**Work request**
Pictures are to be left out. Return exactly the lines below from the one with "Superlink 3 storey" up to and including the one with "330 16TH ST SE #2, WASHINGTON, District".

**Source data**
▬▬▬▬▬▬

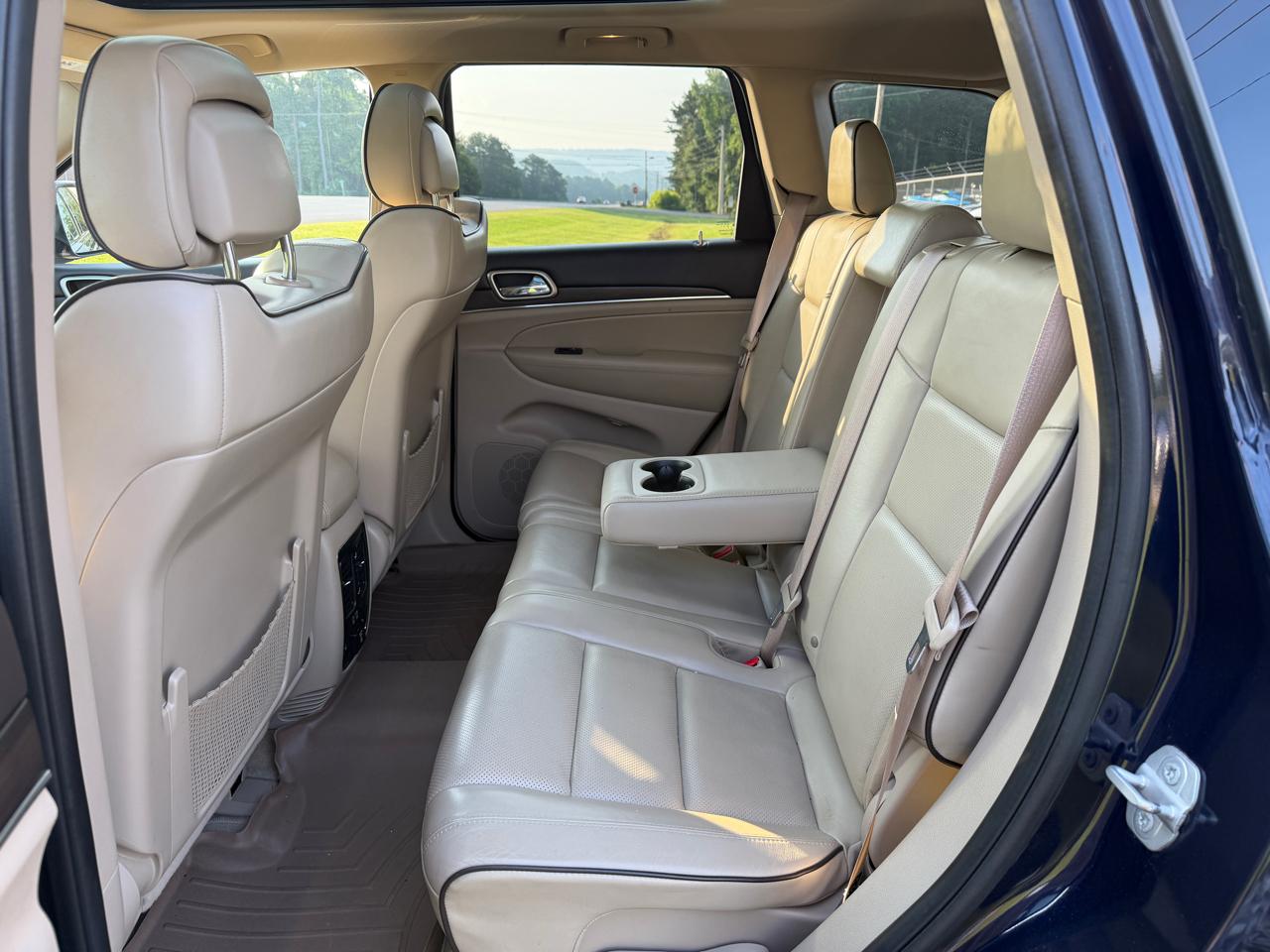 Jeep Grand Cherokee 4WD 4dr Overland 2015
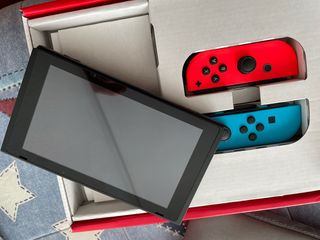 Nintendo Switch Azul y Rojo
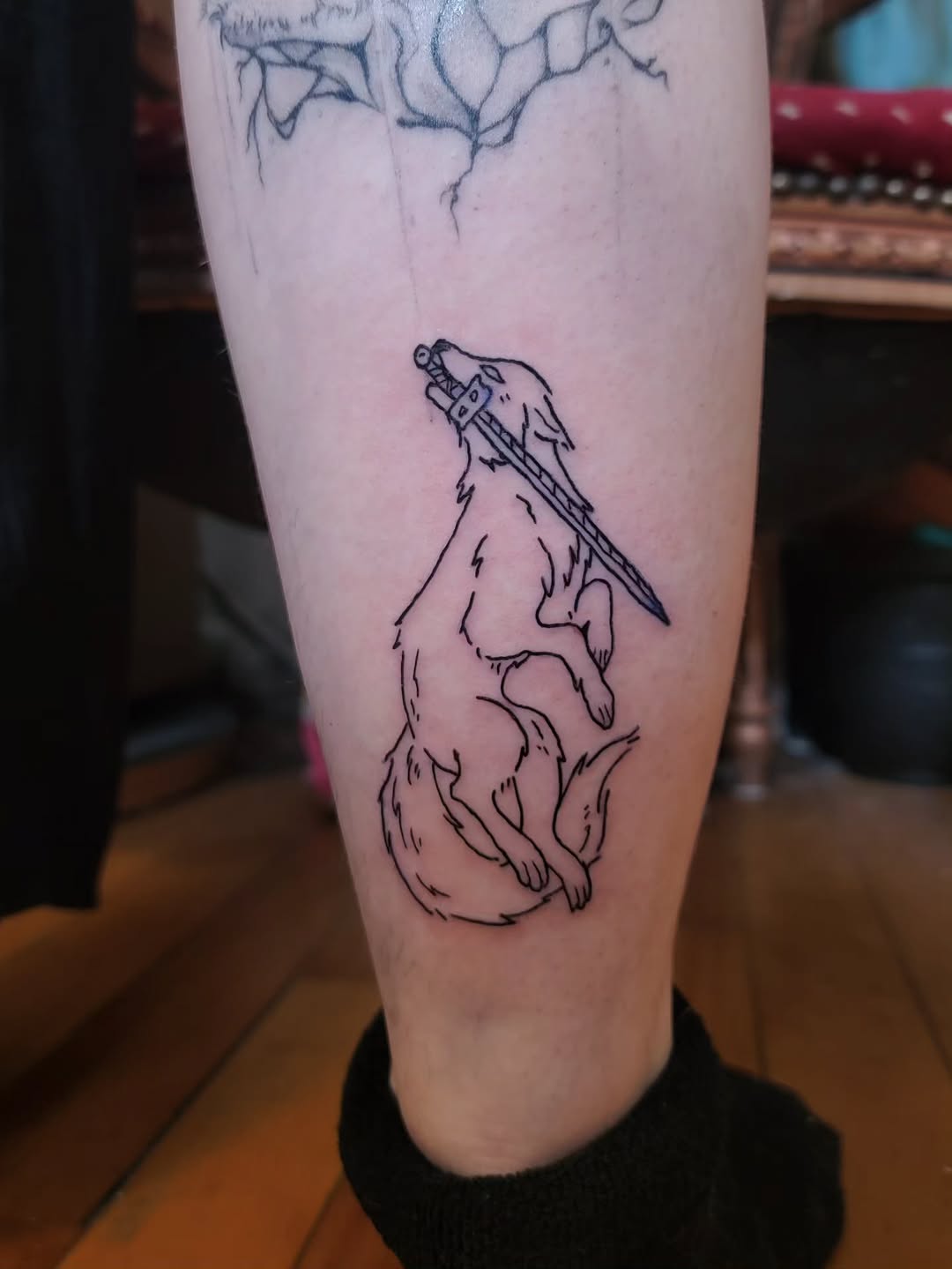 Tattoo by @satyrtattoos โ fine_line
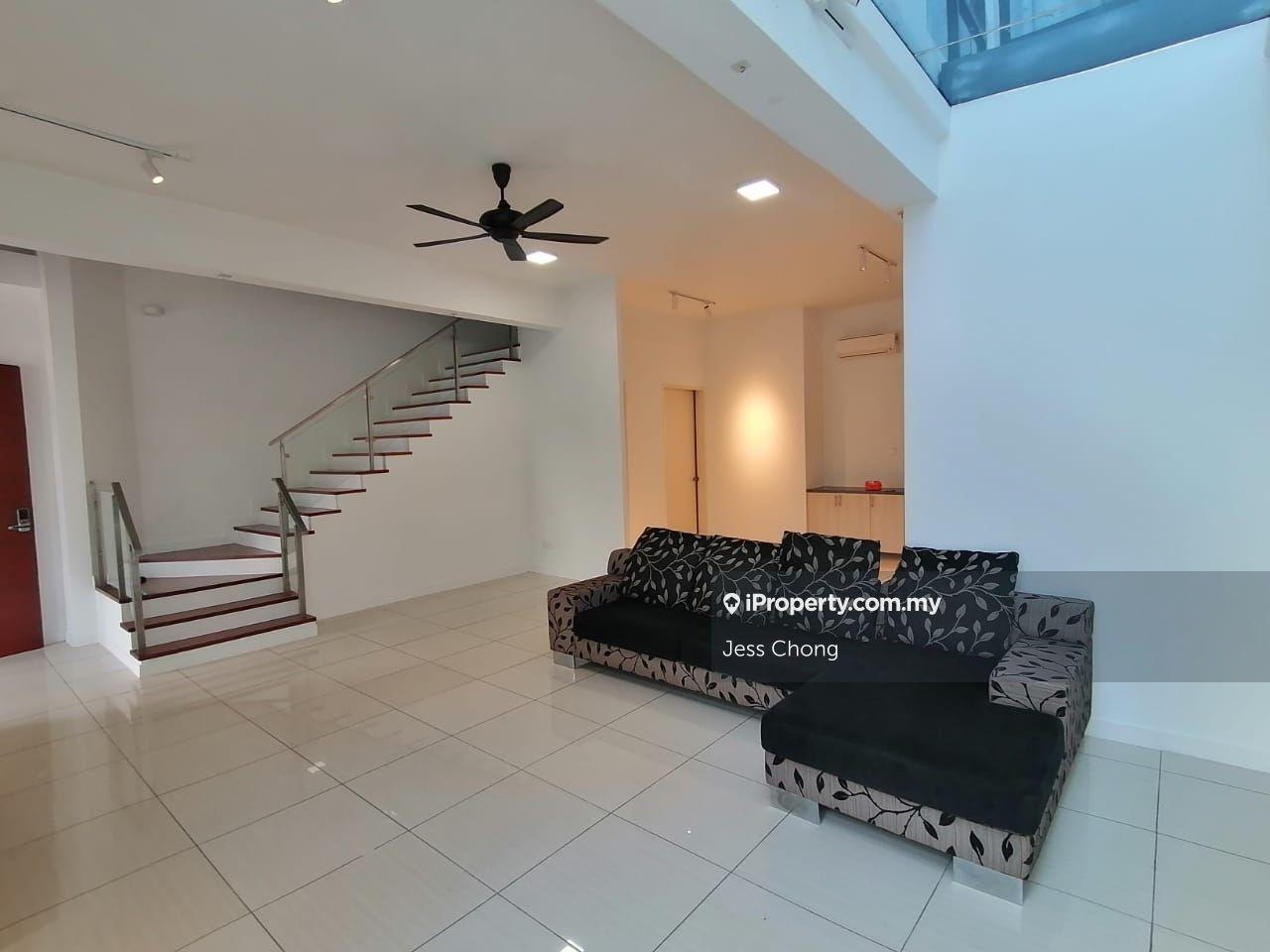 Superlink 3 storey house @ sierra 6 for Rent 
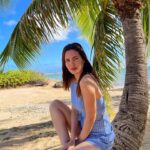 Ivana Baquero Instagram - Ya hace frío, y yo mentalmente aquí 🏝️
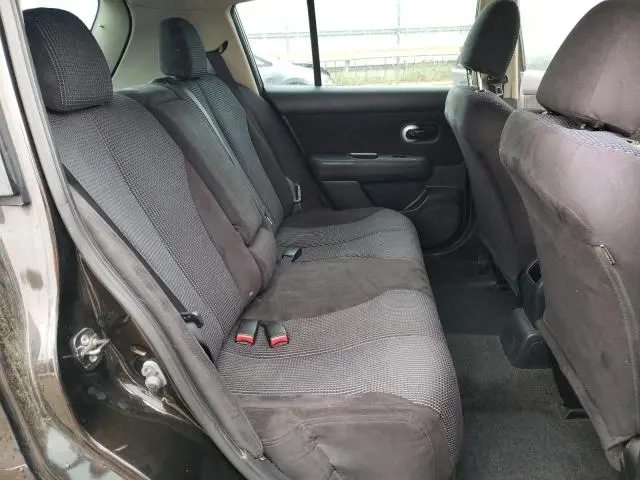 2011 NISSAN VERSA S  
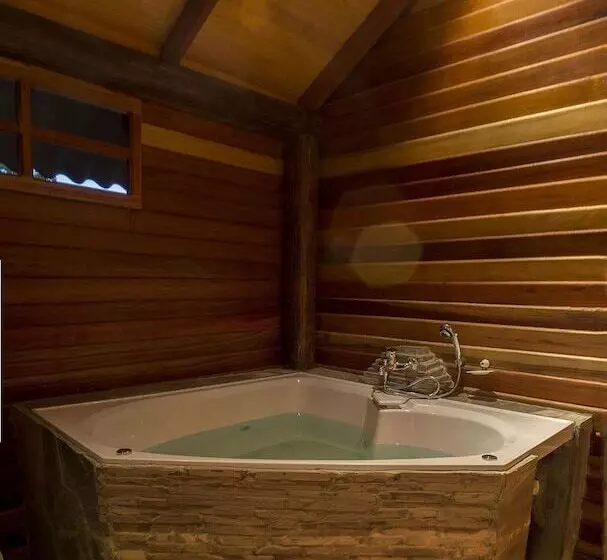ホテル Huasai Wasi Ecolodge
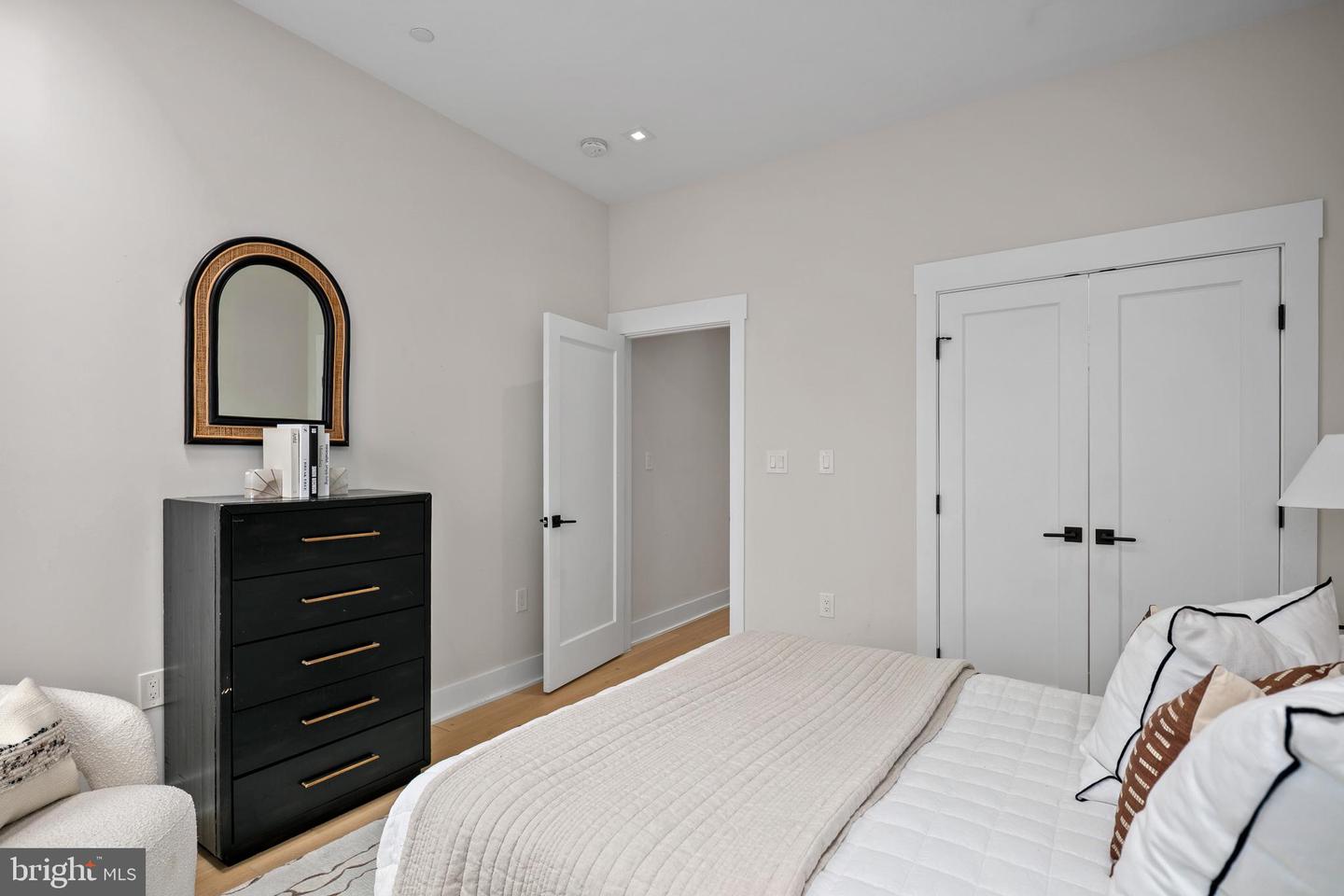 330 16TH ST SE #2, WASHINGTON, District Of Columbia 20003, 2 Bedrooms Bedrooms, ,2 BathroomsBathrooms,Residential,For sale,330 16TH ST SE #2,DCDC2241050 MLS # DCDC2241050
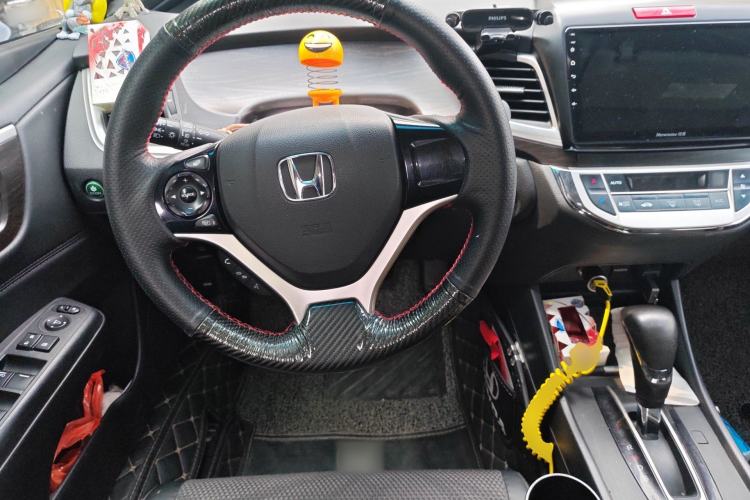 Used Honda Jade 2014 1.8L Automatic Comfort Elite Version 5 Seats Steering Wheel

▬▬▬▬▬▬

**Output for this task**
 Superlink 3 storey house @ sierra 6 for Rent 
 Ivana Baquero Instagram - Ya hace frío, y yo mentalmente aquí 🏝️
 2011 NISSAN VERSA S  
ホテル Huasai Wasi Ecolodge
 330 16TH ST SE #2, WASHINGTON, District Of Columbia 20003, 2 Bedrooms Bedrooms, ,2 BathroomsBathrooms,Residential,For sale,330 16TH ST SE #2,DCDC2241050 MLS # DCDC2241050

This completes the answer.